Action item: Retype the data that follows line by line, exactly, and leave its pictures out.

-=-=-

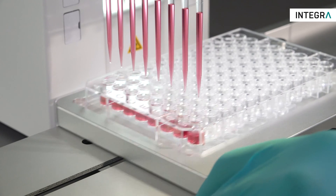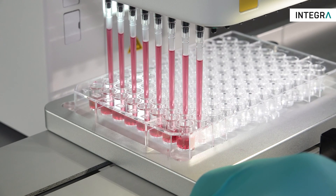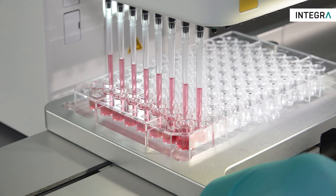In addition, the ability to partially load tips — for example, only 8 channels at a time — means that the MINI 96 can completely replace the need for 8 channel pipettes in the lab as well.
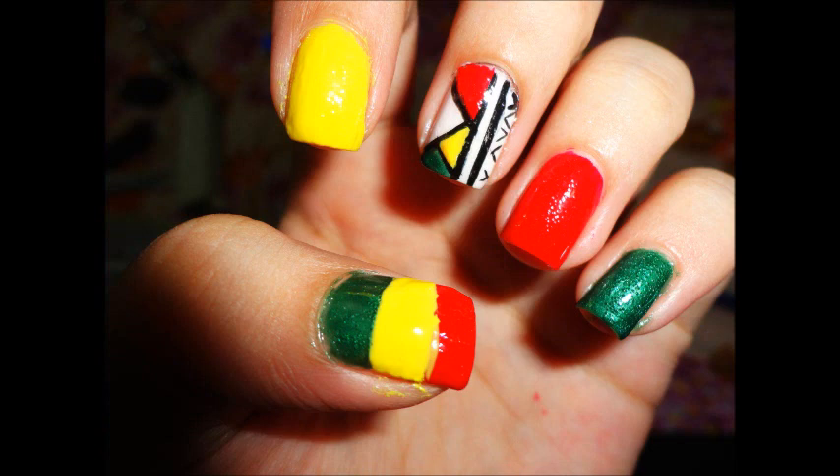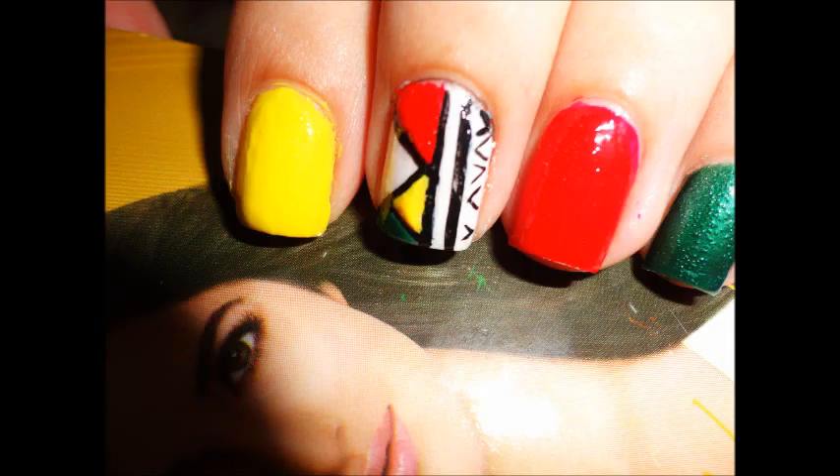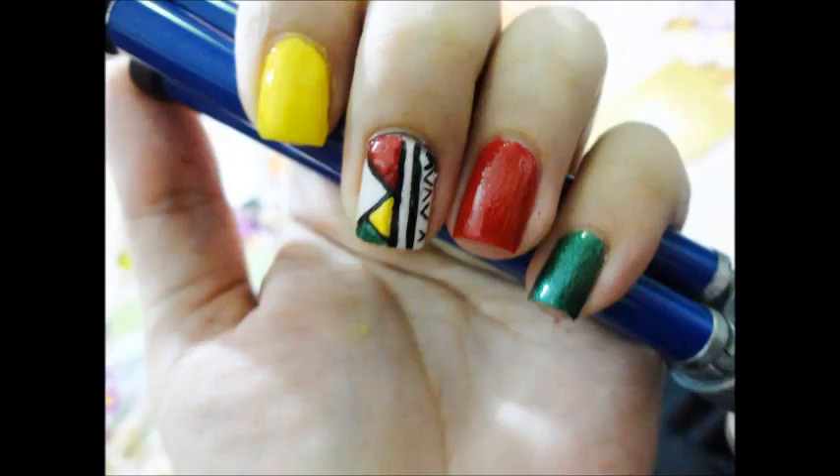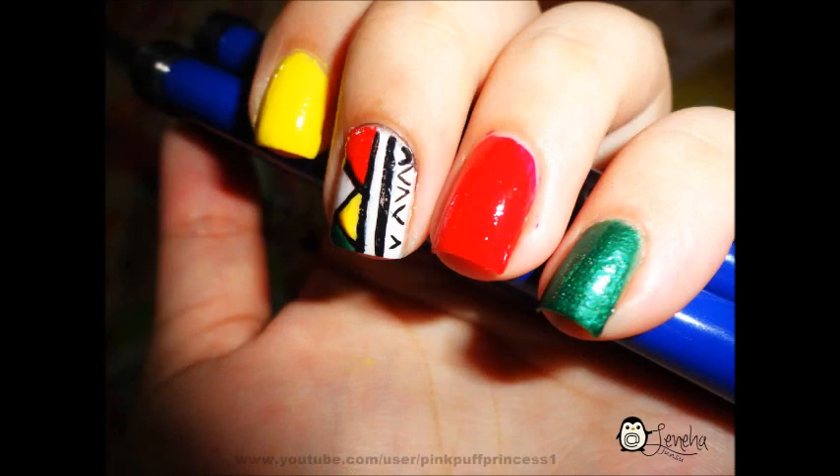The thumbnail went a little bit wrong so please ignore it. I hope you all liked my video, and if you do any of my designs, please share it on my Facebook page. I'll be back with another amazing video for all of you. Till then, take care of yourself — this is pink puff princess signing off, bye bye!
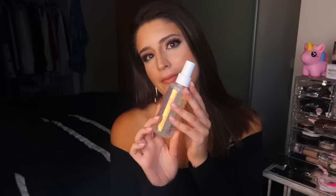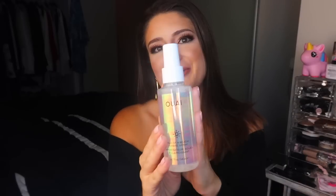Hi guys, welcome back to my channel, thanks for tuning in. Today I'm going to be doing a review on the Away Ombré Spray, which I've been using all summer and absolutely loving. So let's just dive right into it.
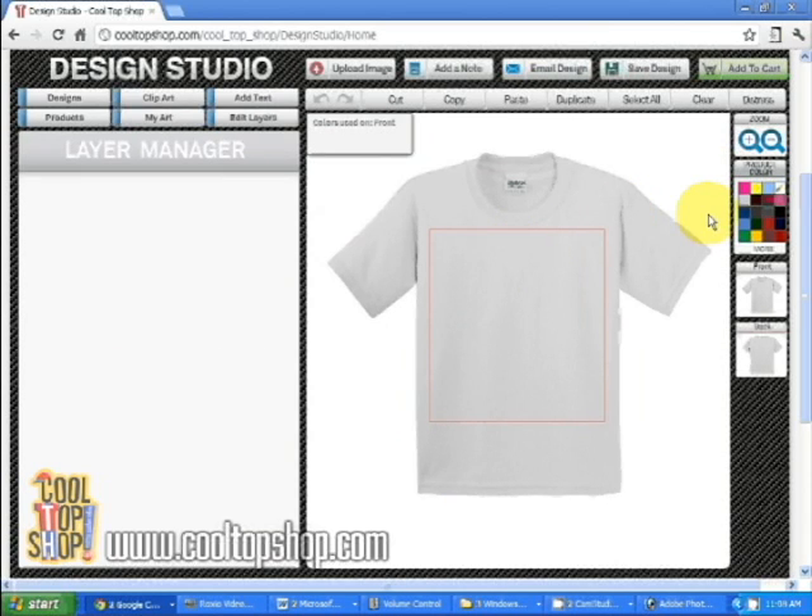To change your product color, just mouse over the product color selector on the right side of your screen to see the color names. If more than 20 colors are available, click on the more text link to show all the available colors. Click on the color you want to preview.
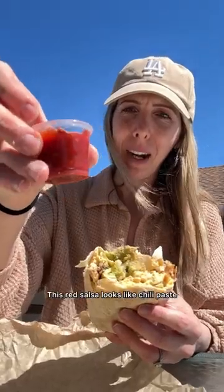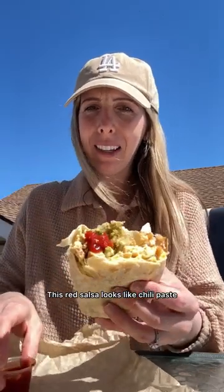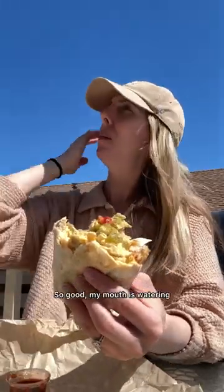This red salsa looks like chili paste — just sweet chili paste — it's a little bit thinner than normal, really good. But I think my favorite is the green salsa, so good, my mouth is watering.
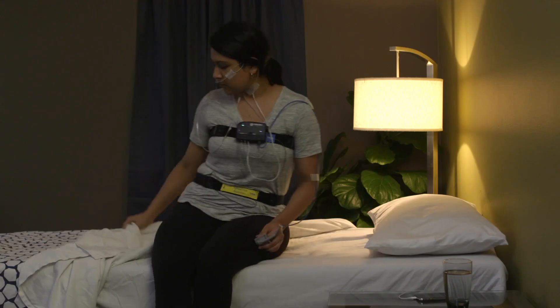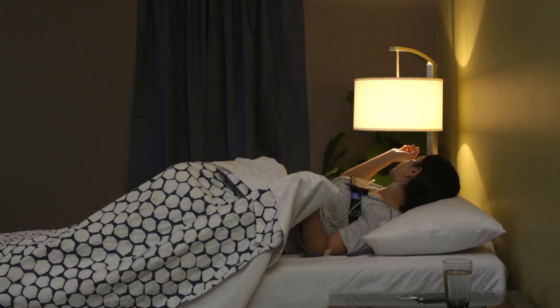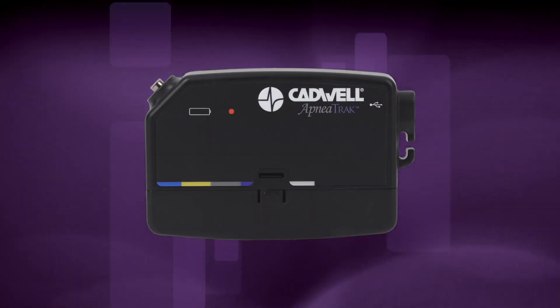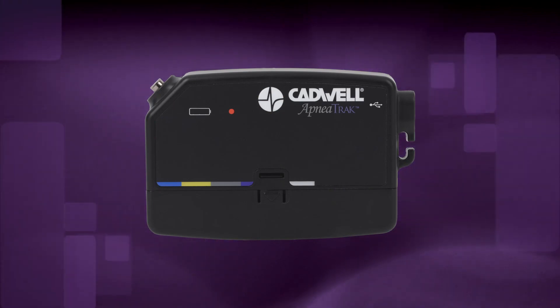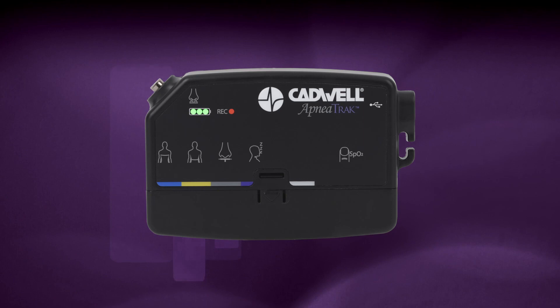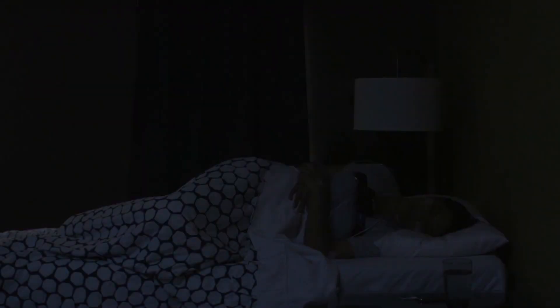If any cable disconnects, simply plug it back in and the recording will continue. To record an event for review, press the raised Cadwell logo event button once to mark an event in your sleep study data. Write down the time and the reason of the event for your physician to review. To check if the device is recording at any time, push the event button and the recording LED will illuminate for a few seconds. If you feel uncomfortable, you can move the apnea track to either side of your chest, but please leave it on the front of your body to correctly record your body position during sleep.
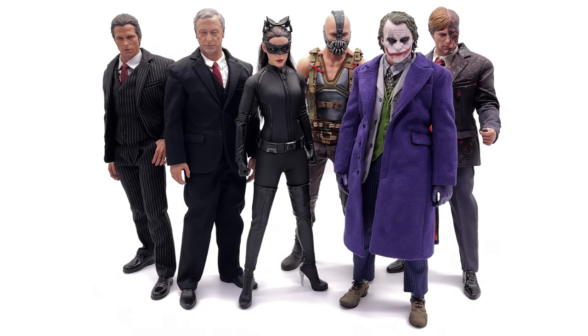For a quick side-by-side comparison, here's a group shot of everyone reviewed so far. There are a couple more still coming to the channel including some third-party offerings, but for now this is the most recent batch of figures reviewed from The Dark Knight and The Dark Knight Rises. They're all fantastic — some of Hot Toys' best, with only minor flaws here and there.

-=-=-

Exercise output:
In addition, the ability to partially load tips — for example, only 8 channels at a time — means that the MINI 96 can completely replace the need for 8 channel pipettes in the lab as well.
The thumbnail went a little bit wrong so please ignore it. I hope you all liked my video, and if you do any of my designs, please share it on my Facebook page. I'll be back with another amazing video for all of you. Till then, take care of yourself — this is pink puff princess signing off, bye bye!
Hi guys, welcome back to my channel, thanks for tuning in. Today I'm going to be doing a review on the Away Ombré Spray, which I've been using all summer and absolutely loving. So let's just dive right into it.
To change your product color, just mouse over the product color selector on the right side of your screen to see the color names. If more than 20 colors are available, click on the more text link to show all the available colors. Click on the color you want to preview.
This red salsa looks like chili paste — just sweet chili paste — it's a little bit thinner than normal, really good. But I think my favorite is the green salsa, so good, my mouth is watering.
If any cable disconnects, simply plug it back in and the recording will continue. To record an event for review, press the raised Cadwell logo event button once to mark an event in your sleep study data. Write down the time and the reason of the event for your physician to review. To check if the device is recording at any time, push the event button and the recording LED will illuminate for a few seconds. If you feel uncomfortable, you can move the apnea track to either side of your chest, but please leave it on the front of your body to correctly record your body position during sleep.
For a quick side-by-side comparison, here's a group shot of everyone reviewed so far. There are a couple more still coming to the channel including some third-party offerings, but for now this is the most recent batch of figures reviewed from The Dark Knight and The Dark Knight Rises. They're all fantastic — some of Hot Toys' best, with only minor flaws here and there.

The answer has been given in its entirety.